Over the last few years, a wave of YouTube channels has emerged to deliver high quality educational content in an accessible, engaging format. Although instructional and lecture videos can be found all over YouTube, these channels distinguish themselves by employing strategies to appeal to audiences. While they do not follow a typical school curriculum, and should certainly not replace one, their success on YouTube serves as a useful guide for instructors seeking to make the most out of video learning.
Here are six takeaways from these channels:
1. Condensed Time Length
Sometimes, the most compelling videos are short and to the point. Just a few minutes are devoted to allowing viewers to easily grasp the fundamentals of a particular subject before they decide to pursue it in greater depth. For example, C.C.P. Grey’s video on the debt ceiling gives an overview of the budgetary decision making process between congress and the president in under four minutes. A big advantage of putting short yet informative presentations in a video format is that if speaker is ever going too fast, it is easy to go back and hear parts of the presentation a second time.

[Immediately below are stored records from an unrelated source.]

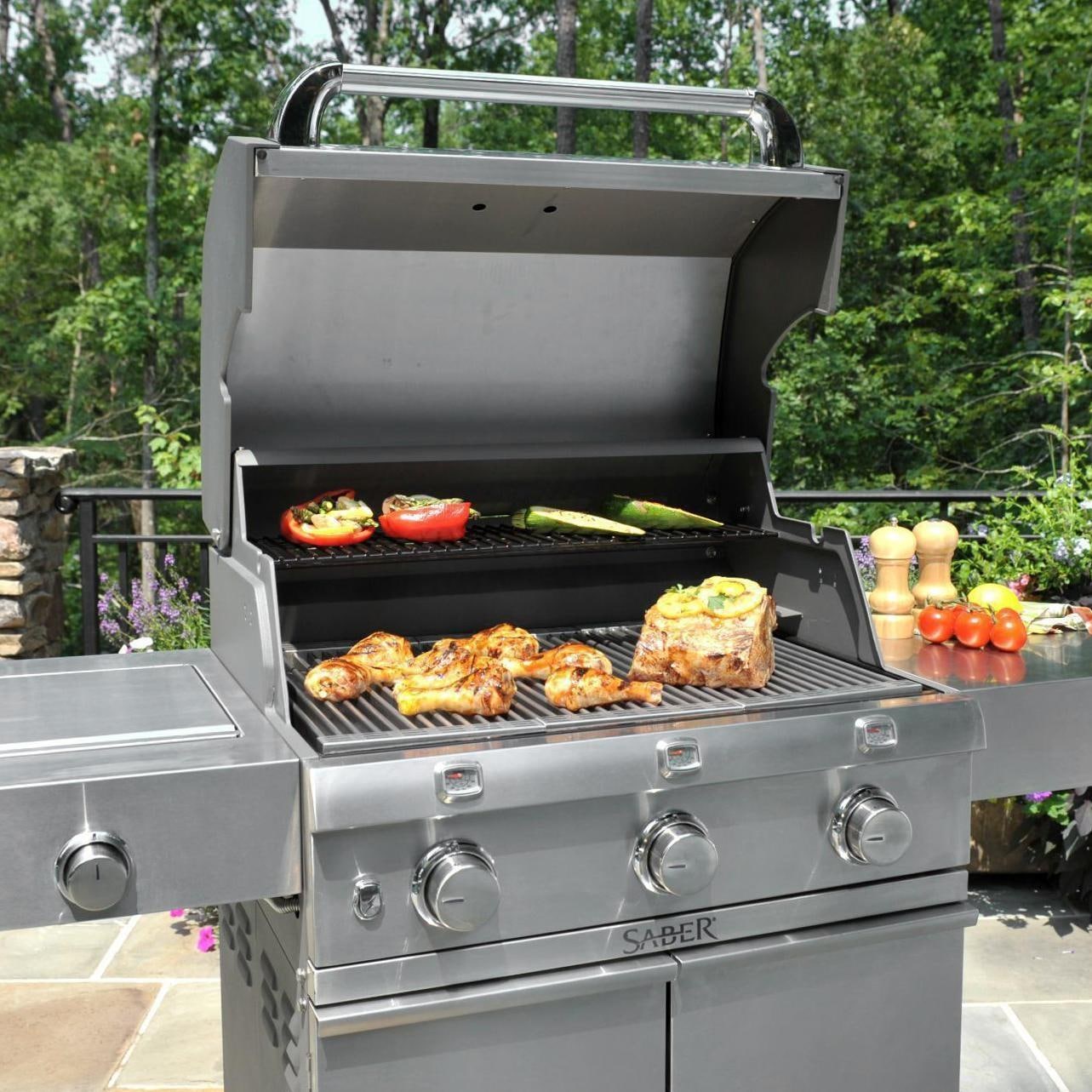 Saber Deluxe Stainless 500 32-Inch 3-Burner Infrared Propane Gas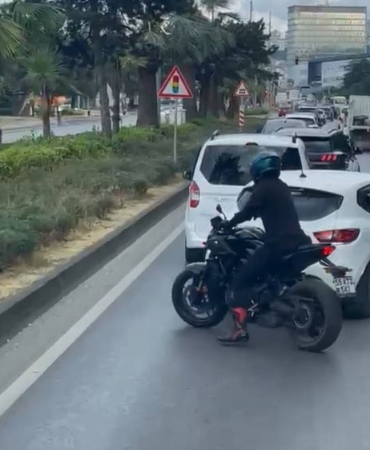 Motosiklet sürücüsü, vakaya giden itfaiye aracına yolu açtı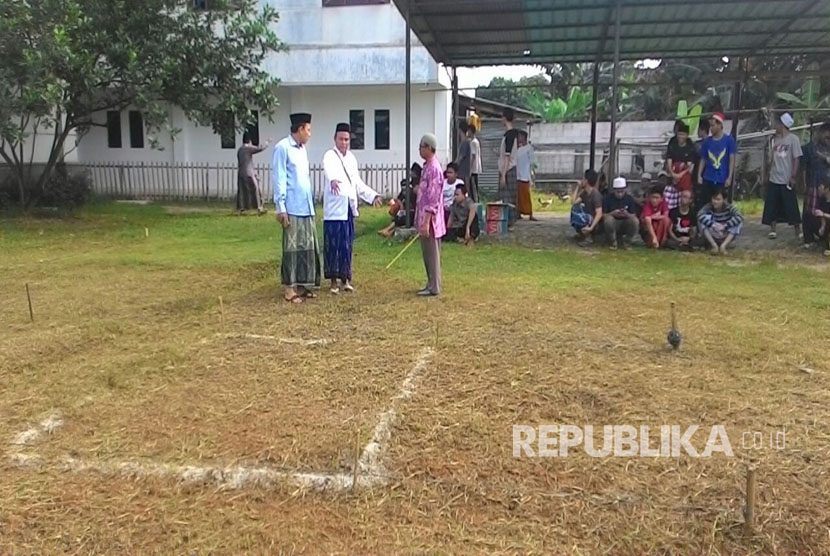  Tiga orang ustadz pengurus Ponpes al-Hikam sedang berdiskusi mengenai titik tempat kuburan untuk pemakaman Alm KH Hasyim Muzadi yang berdada di halaman belakang Masjid Ponpes Al Hikam, Kukusan, Beji, Depok, Kamis (16/3).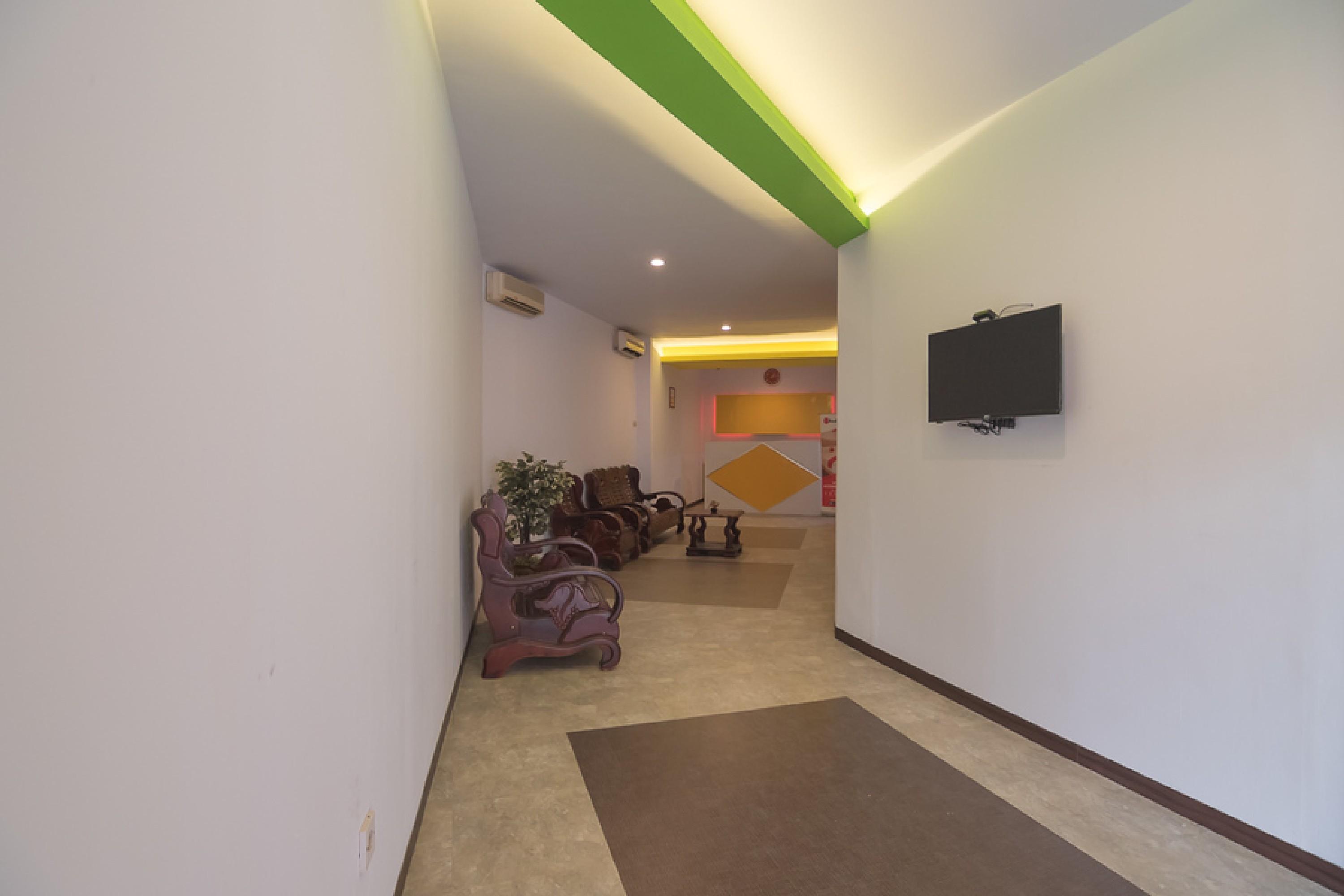 Готель Reddoorz Near Itc Mangga Dua Джакарта Екстер'єр фото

Eye-catching graphics play an important role in making videos both accessible and entertaining. As educational YouTube channels show, this can be achieved in different ways. Crash Course includes an animated “thought bubble” feature for each video in addition to images complementing the lecture. PBS Ideas Channel displays a constant stream of pictures and GIFs from popular culture alongside the host’s presentation.
3. Pique Curiosity
If the introduction of a video piques curiosity, the viewer will be more likely to follow through with the entire presentation. This is why many educational YouTube channels craft their titles and opening segments to draw the audience in. Vsauce titles each of its videos to sound as mentally stimulating as possible, posing a question that presents a simple aspect of life as a gateway to a deeper exploration of a multitude of subjects. Examples include “Will We Ever run Out of New Music?” and “Why Do We get Bored?”. Another strategy, as seen in this video by Veritasium, involves an opening scene in which some action is taking place. This provides a nice illustration of the topic before it is discussed in greater depth.
4. Host Personality
The success of educational YouTube channels owes a lot to the charisma of their hosts. Regardless of how interesting the subject is on its own, the ability of instructors to make both the subject and themselves more interesting makes a big difference in how students approach the material. Furthermore, establishing a student-teacher relationship as less of a purely academic one and more of a supportive community of learners is dependent on the instructor’s conduct. Crash Course’s John and Hank Green are seasoned hosts on YouTube who have built a community of fans they like to call “nerd fighters”. Vsauce’s host Michael attracts his following by showing enthusiasm and indulging on quirky, nerdy humor.
5. Animated Notes
Another strategy for appealing educational videos is to explain the topic through creative note-taking rather than a face staring into the camera. Vihart accompanies its math notes with frequent doodling and often shows how geometry can be used to create beautiful doodles. Minute Physics also uses illustrated notes to explain concepts in a way that’s easy to understand.
6. Real World Setting
Videos that go outside of a classroom or studio setting enable the audience to see a particular topic in action. This is a helpful strategy for engaging students because it encourages curiosity about everyday situations and shows how classroom material is applicable to the larger world. The YouTube channel Smarter Every Day does this for each of their videos by explaining natural phenomena with a high speed camera.